**TASK REQUIREMENTS**.
Within the records that follow, restate exactly the lines from the line with "MONDIAZ BUKLA Meuble" down to the line with "pH Test Strips 0-14", including both. Omit the pictures.

**DATASET CONTENT**.

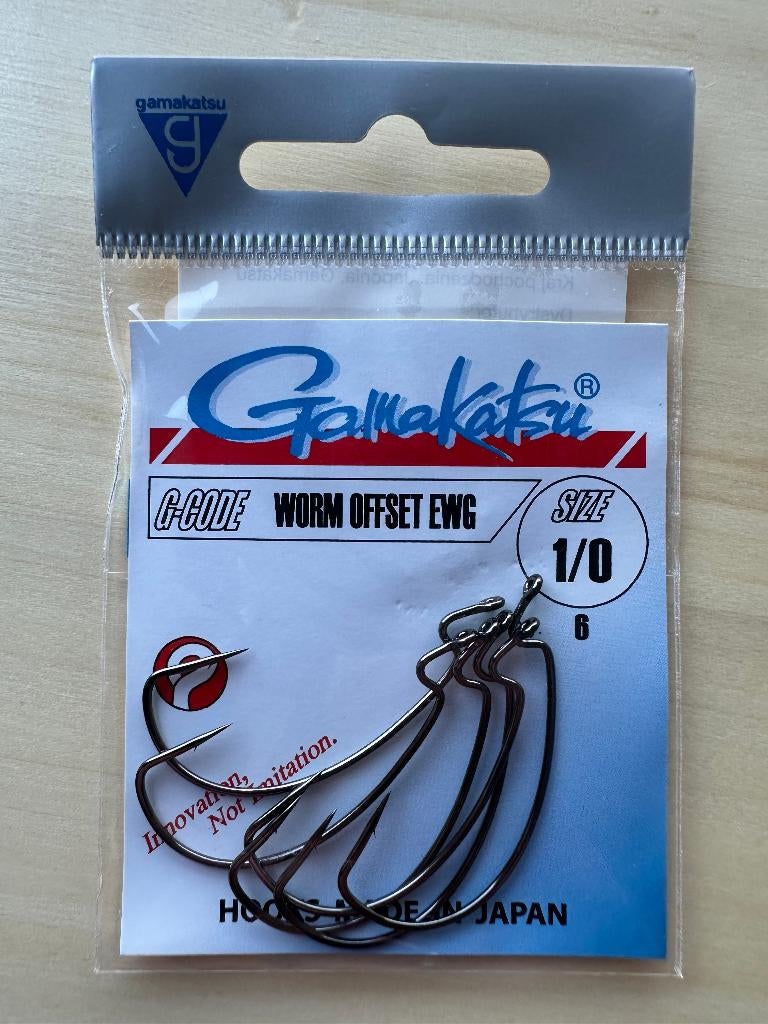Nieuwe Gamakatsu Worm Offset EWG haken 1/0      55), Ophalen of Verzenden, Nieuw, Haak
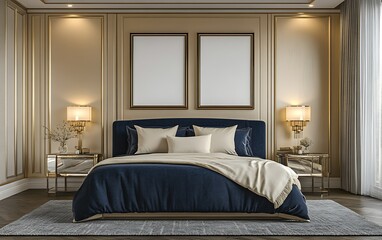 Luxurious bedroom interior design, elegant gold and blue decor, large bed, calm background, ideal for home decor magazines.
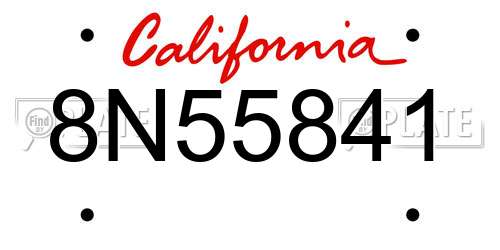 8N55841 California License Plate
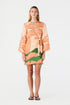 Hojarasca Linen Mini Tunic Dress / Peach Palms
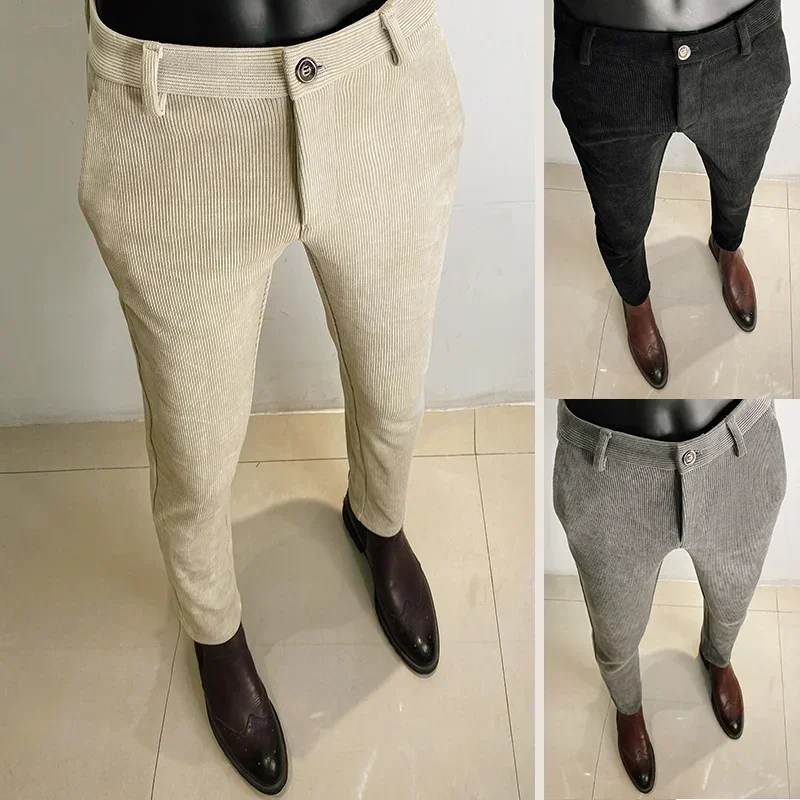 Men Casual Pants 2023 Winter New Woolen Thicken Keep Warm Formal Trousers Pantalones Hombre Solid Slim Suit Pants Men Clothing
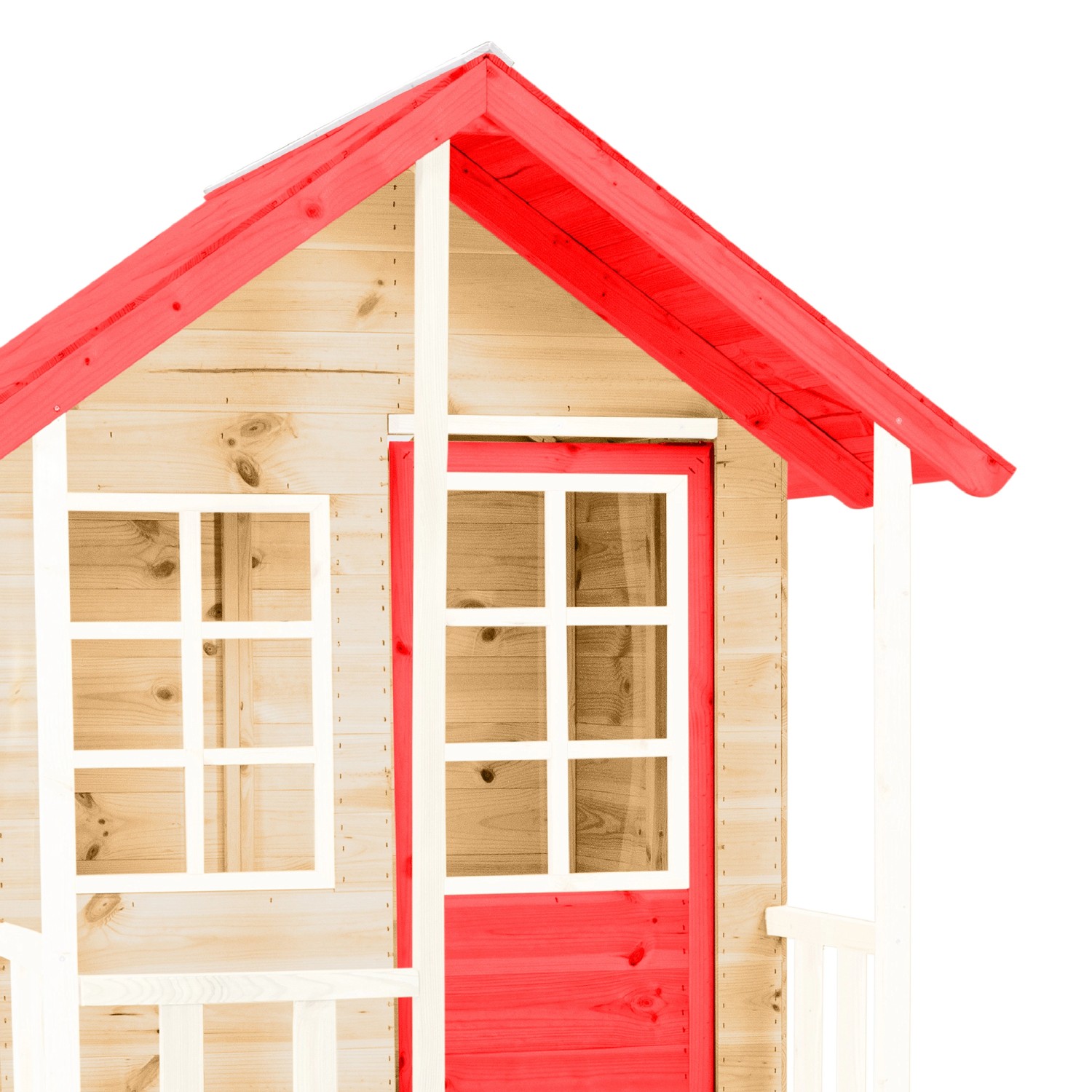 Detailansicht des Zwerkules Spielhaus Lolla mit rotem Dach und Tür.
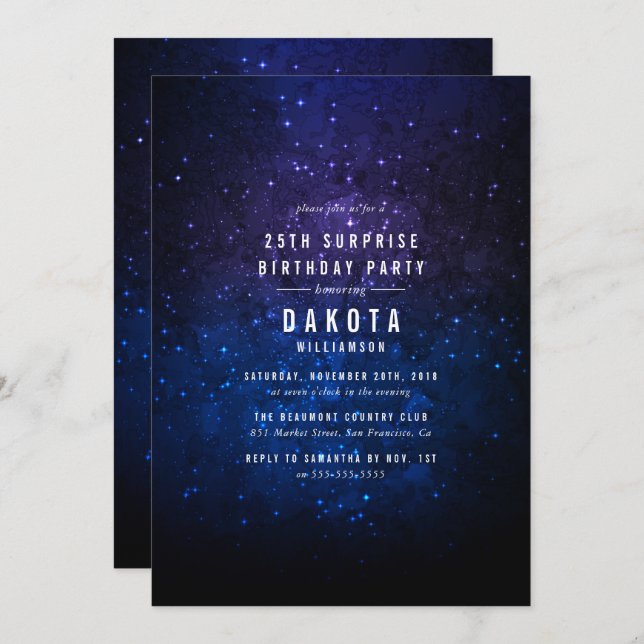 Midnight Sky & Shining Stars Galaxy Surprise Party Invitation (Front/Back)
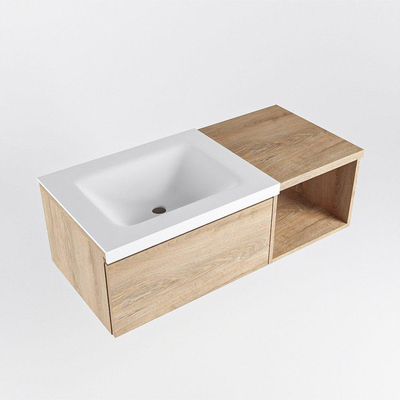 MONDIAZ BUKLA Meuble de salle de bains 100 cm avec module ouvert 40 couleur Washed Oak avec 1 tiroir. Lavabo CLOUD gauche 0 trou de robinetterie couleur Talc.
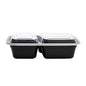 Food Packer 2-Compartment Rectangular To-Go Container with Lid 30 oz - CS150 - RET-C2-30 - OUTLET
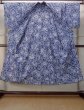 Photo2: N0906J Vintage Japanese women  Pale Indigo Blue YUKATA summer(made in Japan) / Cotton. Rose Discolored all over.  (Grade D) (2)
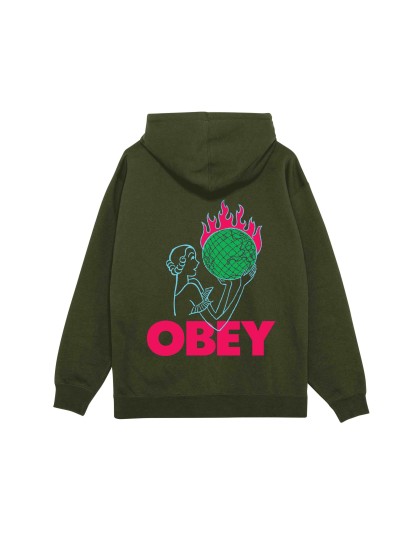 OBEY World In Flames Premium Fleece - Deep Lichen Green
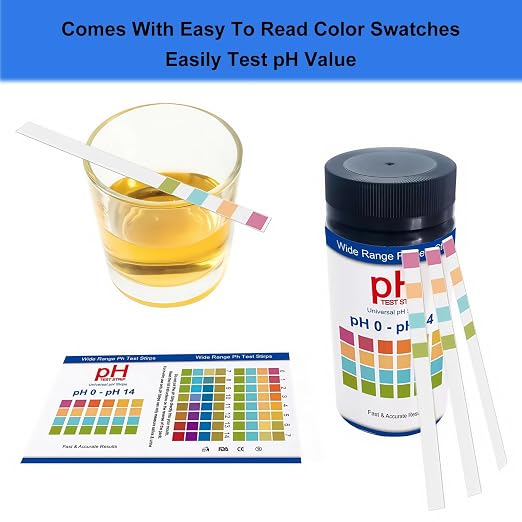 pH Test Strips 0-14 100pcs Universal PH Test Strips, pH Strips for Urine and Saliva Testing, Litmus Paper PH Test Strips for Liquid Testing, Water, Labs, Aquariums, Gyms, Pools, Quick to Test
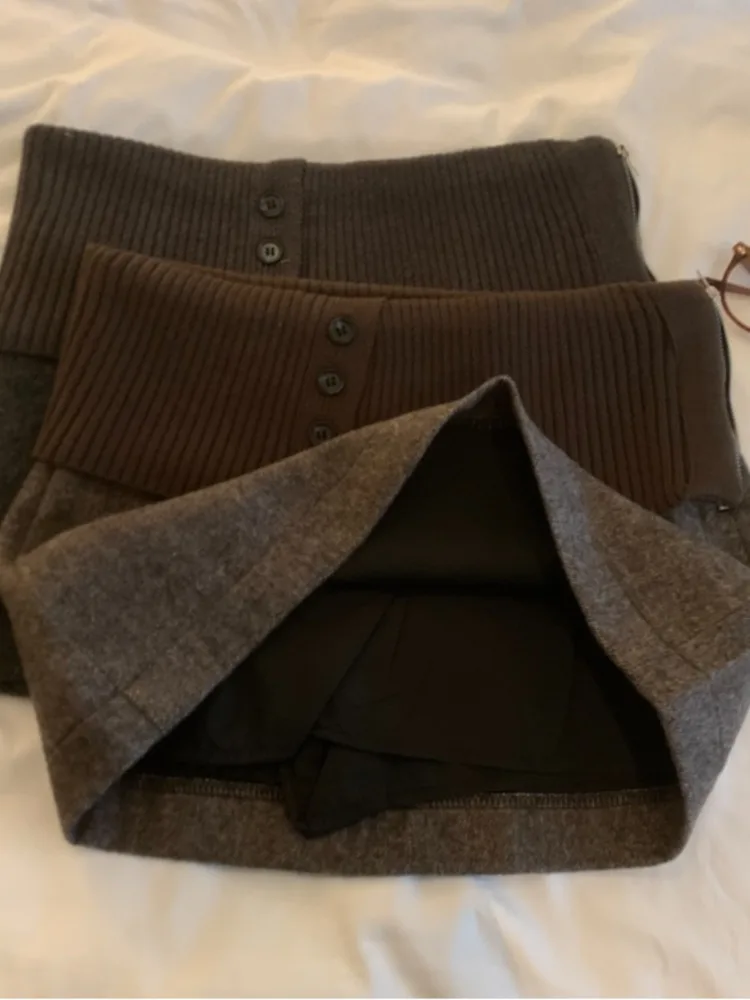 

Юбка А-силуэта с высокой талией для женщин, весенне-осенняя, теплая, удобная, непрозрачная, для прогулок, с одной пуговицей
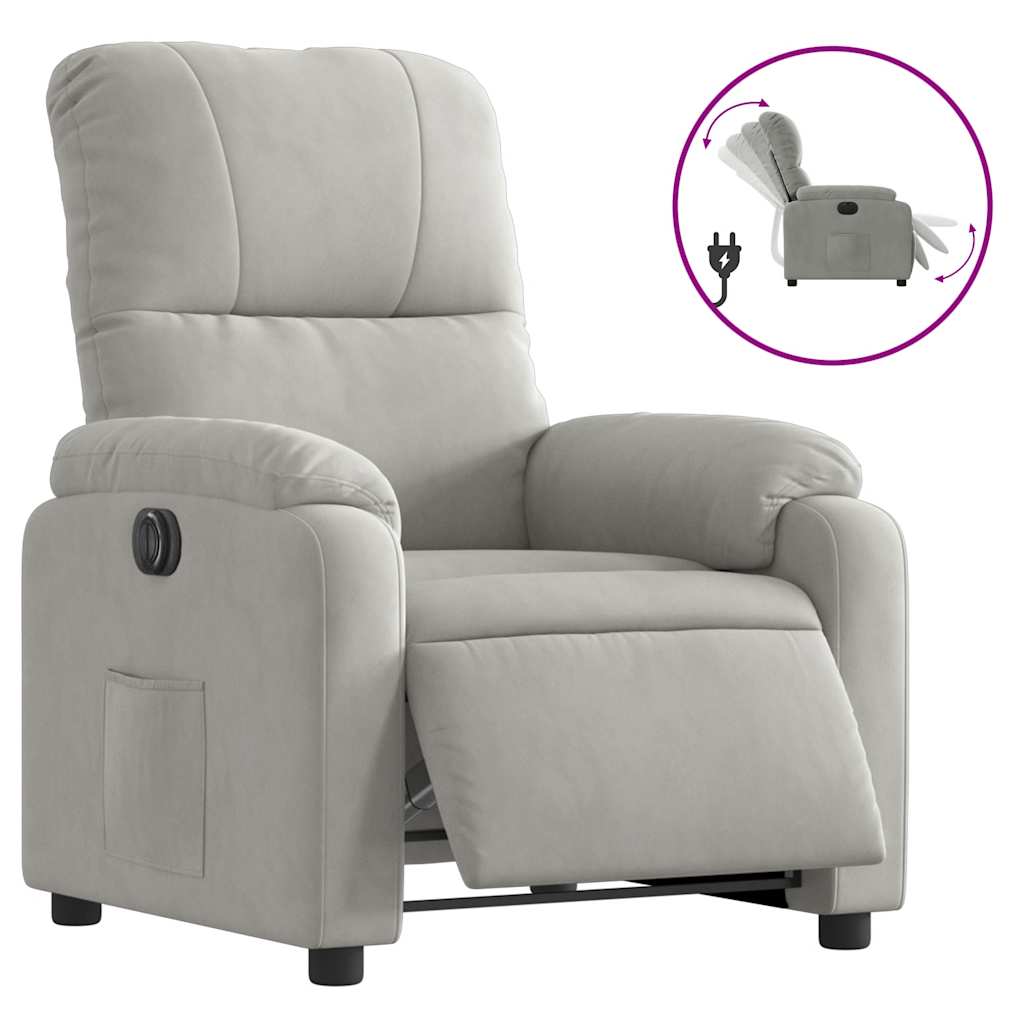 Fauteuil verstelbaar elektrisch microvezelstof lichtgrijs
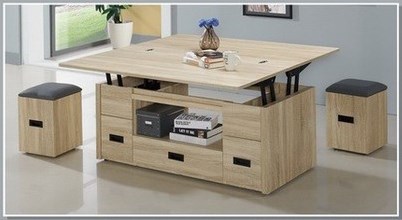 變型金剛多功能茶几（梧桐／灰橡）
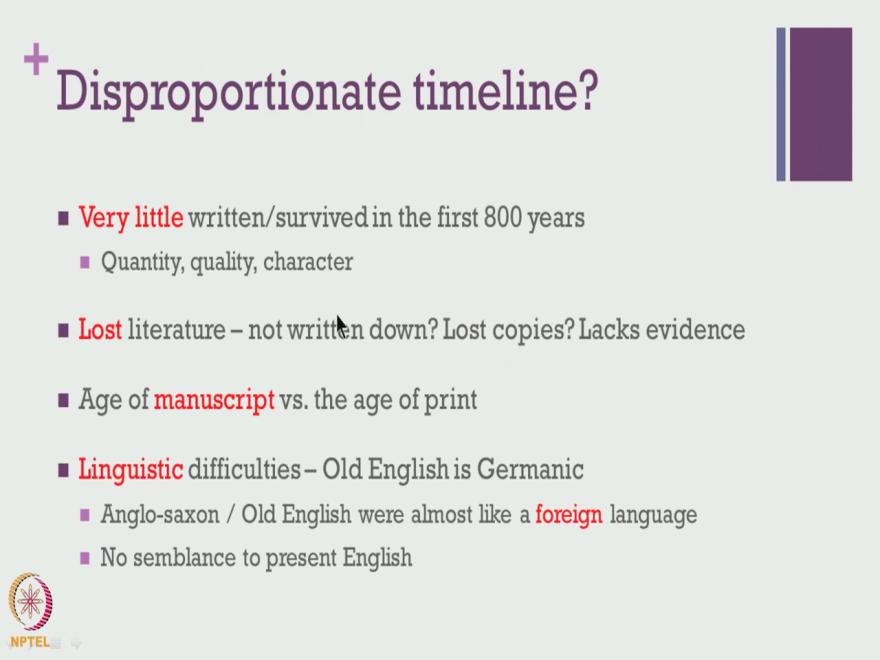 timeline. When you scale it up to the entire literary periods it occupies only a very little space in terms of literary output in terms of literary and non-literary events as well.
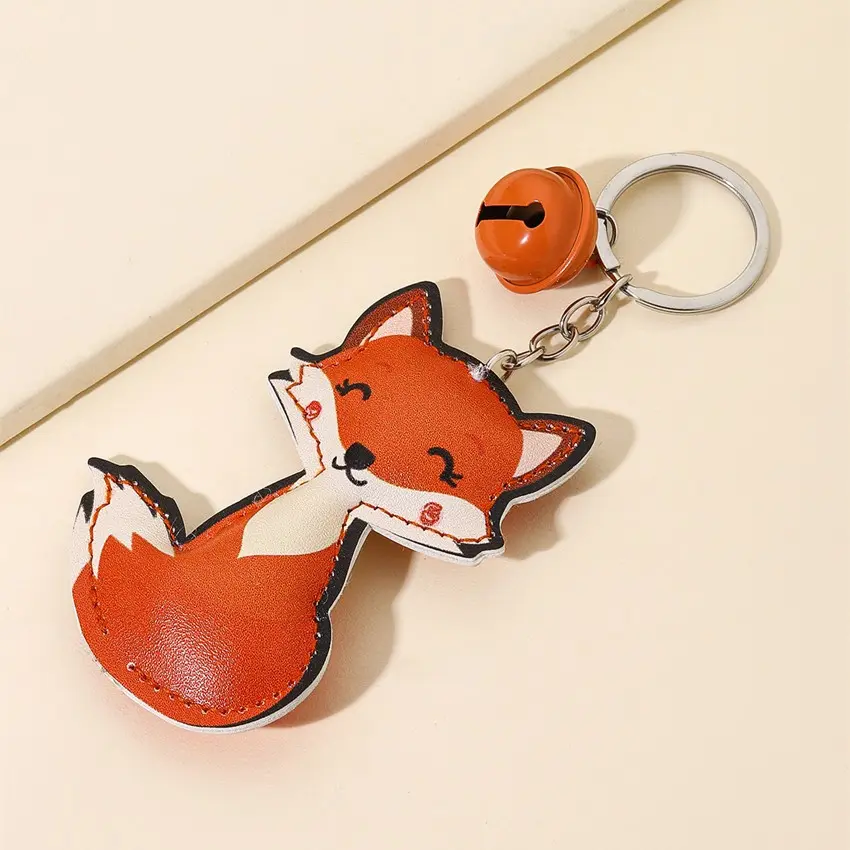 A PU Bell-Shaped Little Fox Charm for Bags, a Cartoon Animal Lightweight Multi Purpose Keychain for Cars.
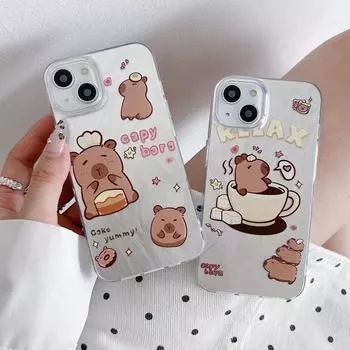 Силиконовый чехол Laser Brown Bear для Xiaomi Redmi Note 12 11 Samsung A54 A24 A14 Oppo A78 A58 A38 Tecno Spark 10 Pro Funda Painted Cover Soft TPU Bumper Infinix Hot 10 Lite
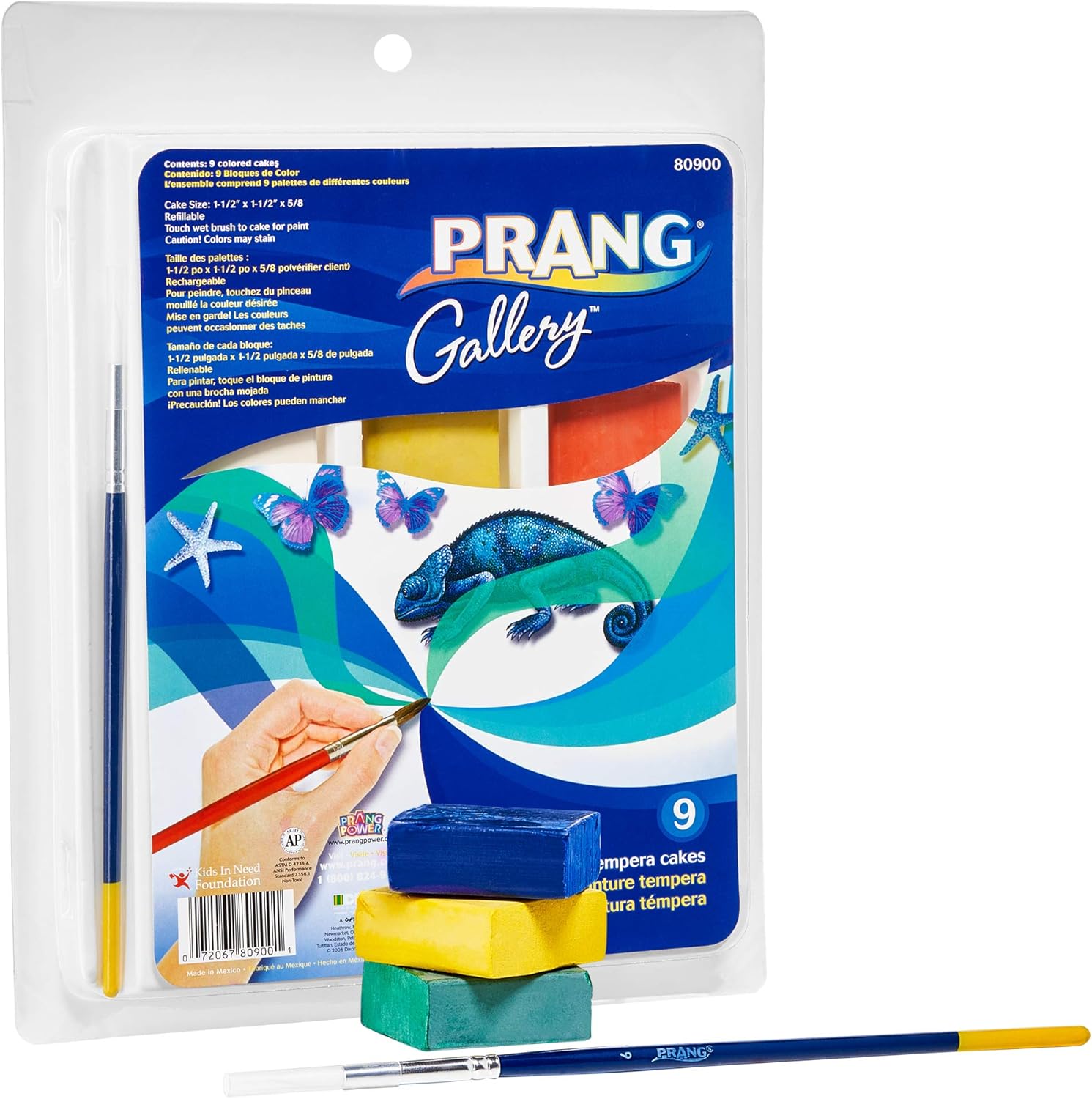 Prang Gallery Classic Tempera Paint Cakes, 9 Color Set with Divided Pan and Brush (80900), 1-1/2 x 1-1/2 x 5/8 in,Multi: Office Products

**SOLUTION FOR THIS EXERCISE**.
 MONDIAZ BUKLA Meuble de salle de bains 100 cm avec module ouvert 40 couleur Washed Oak avec 1 tiroir. Lavabo CLOUD gauche 0 trou de robinetterie couleur Talc.
 Food Packer 2-Compartment Rectangular To-Go Container with Lid 30 oz - CS150 - RET-C2-30 - OUTLET
 Photo2: N0906J Vintage Japanese women  Pale Indigo Blue YUKATA summer(made in Japan) / Cotton. Rose Discolored all over.  (Grade D) (2)
 OBEY World In Flames Premium Fleece - Deep Lichen Green
 pH Test Strips 0-14 100pcs Universal PH Test Strips, pH Strips for Urine and Saliva Testing, Litmus Paper PH Test Strips for Liquid Testing, Water, Labs, Aquariums, Gyms, Pools, Quick to Test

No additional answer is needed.